# Sum over Rational numbers m/n

1. Mar 30, 2012

### zetafunction

it is possible to evaluate sums over the set of Rational

so $$\sum_{q} f(q)$$ with $$q= \frac{m}{n}$$ and m and n are POSITIVE integers different from 0 ??

in any case for a suitable function is possible to evaluate

$$\sum_{q} f(qx)$$ with f(0)=0 ??

2. Mar 30, 2012

### A. Bahat

I would think so, as the rationals are countable.

3. Mar 31, 2012

### HallsofIvy

Staff Emeritus
However, in some cases the sum will depend on the ordering of the rational numbers given by the one-to-one correspondence with the positive integers.

4. Mar 31, 2012

### zetafunction

um.. if i use the fundamental theorem of the arithmetic to express m and n as a product of primes could i write or consider at least series over prime or prime powers ? i mean

$$\sum_{m=-\infty}^{\infty}\sum_{p}f(p^{m})$$

in both case this sum is over prime and prime powers is this more or less correct ??
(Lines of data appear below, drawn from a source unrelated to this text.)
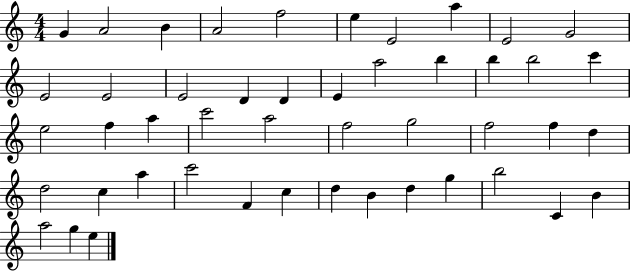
X:1
T:Untitled
M:4/4
L:1/4
K:C
G A2 B A2 f2 e E2 a E2 G2 E2 E2 E2 D D E a2 b b b2 c' e2 f a c'2 a2 f2 g2 f2 f d d2 c a c'2 F c d B d g b2 C B a2 g e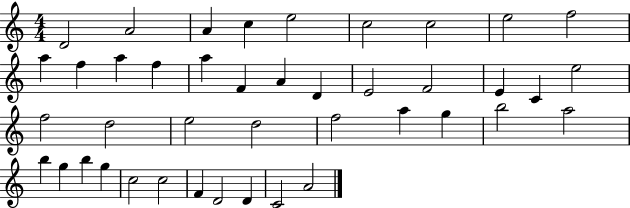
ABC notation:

X:1
T:Untitled
M:4/4
L:1/4
K:C
D2 A2 A c e2 c2 c2 e2 f2 a f a f a F A D E2 F2 E C e2 f2 d2 e2 d2 f2 a g b2 a2 b g b g c2 c2 F D2 D C2 A2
using suitable products of primes we can reproduce every positive rational can't we ?

so we can study 'invariant-under-dilation' formulae as follows

$$\sum_{m=-\infty}^{\infty}\sum_{p}f(xp^{m})$$

5. Mar 31, 2012

### A. Bahat

HallsofIvy is correct: all rearrangements of a series converge to the same value if and only if the series is absolutely convergent. So that can affect the sum.